_Assignment_: Below are lines of records; copy exactly those from the one containing "Signpost directing to" through the one containing "774 Robinhood Road", leaving the pictures behind.

---- Exercise input

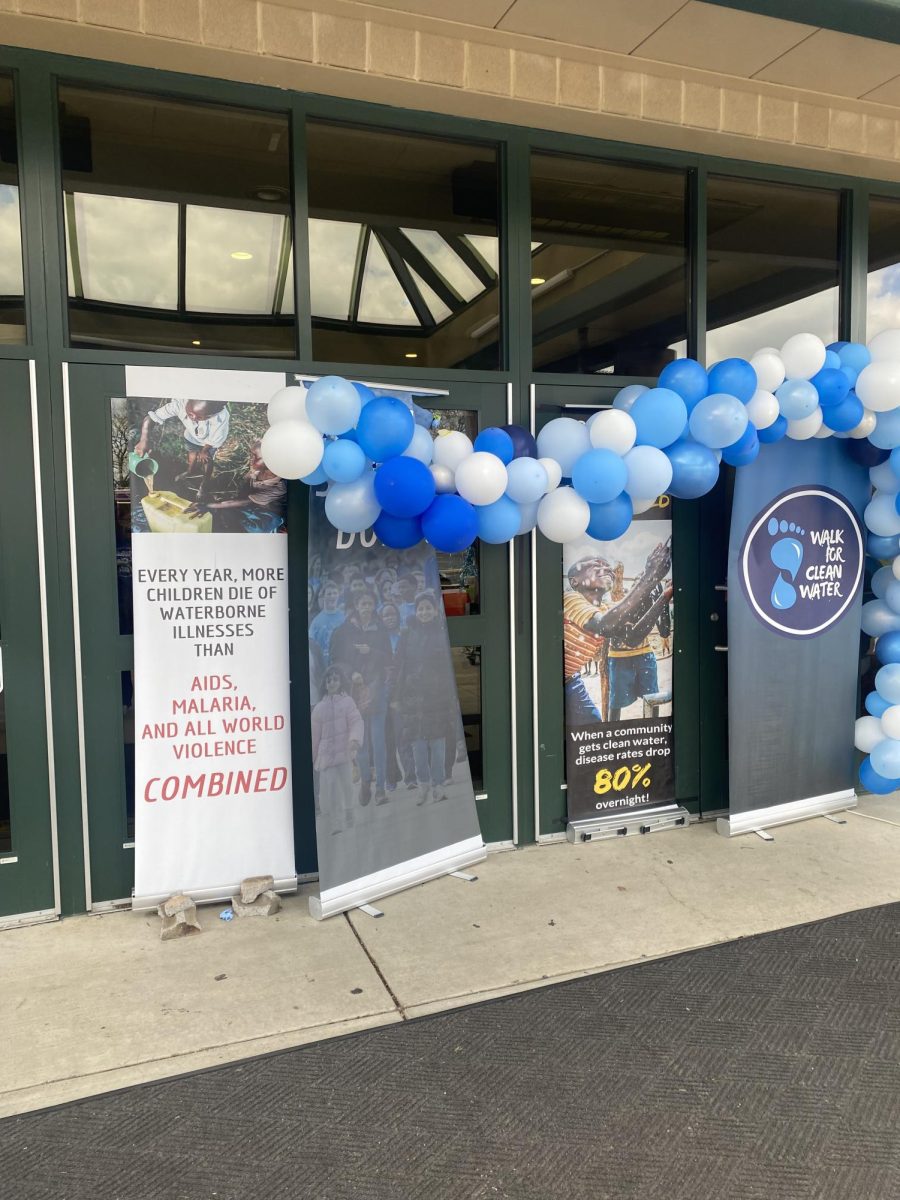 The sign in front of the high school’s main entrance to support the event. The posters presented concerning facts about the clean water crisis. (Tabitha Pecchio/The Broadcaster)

--------
---- Exercise input

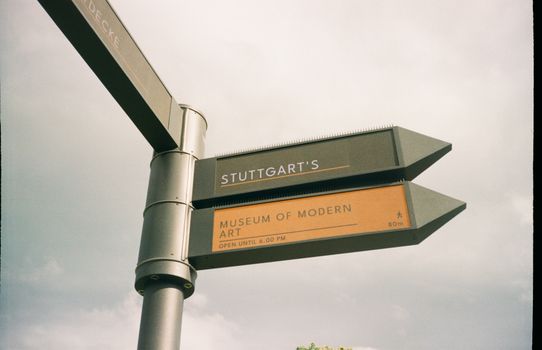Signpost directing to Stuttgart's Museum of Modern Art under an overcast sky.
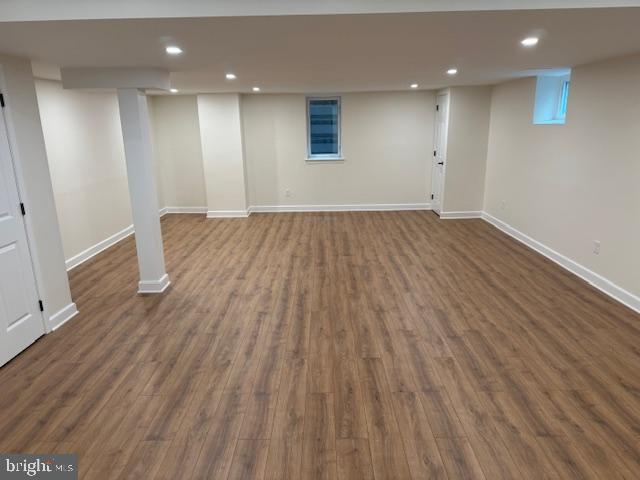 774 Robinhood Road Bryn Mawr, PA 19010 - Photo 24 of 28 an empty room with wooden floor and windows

--------
---- Exercise input

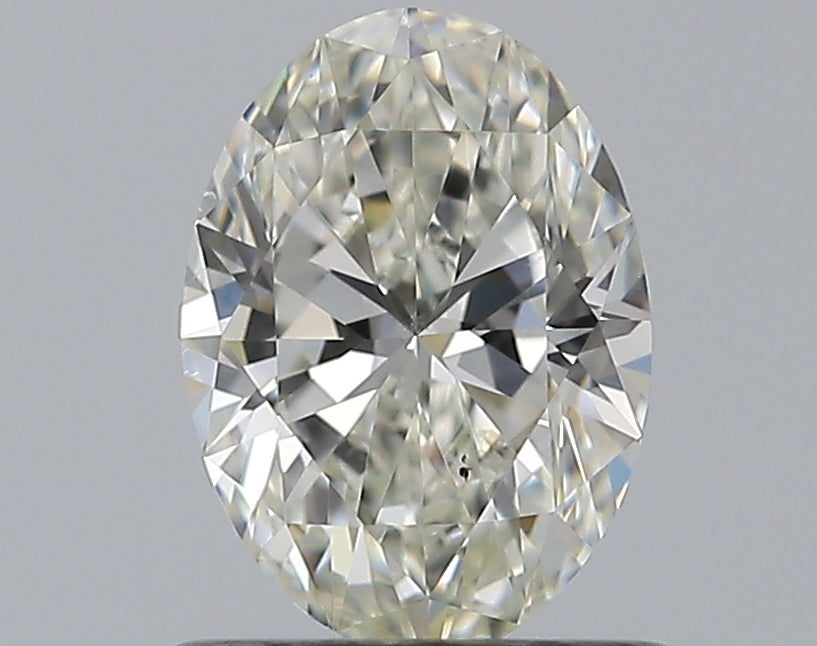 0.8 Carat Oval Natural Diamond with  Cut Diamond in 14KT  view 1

--------

_Finished task_:
Signpost directing to Stuttgart's Museum of Modern Art under an overcast sky.
 774 Robinhood Road Bryn Mawr, PA 19010 - Photo 24 of 28 an empty room with wooden floor and windows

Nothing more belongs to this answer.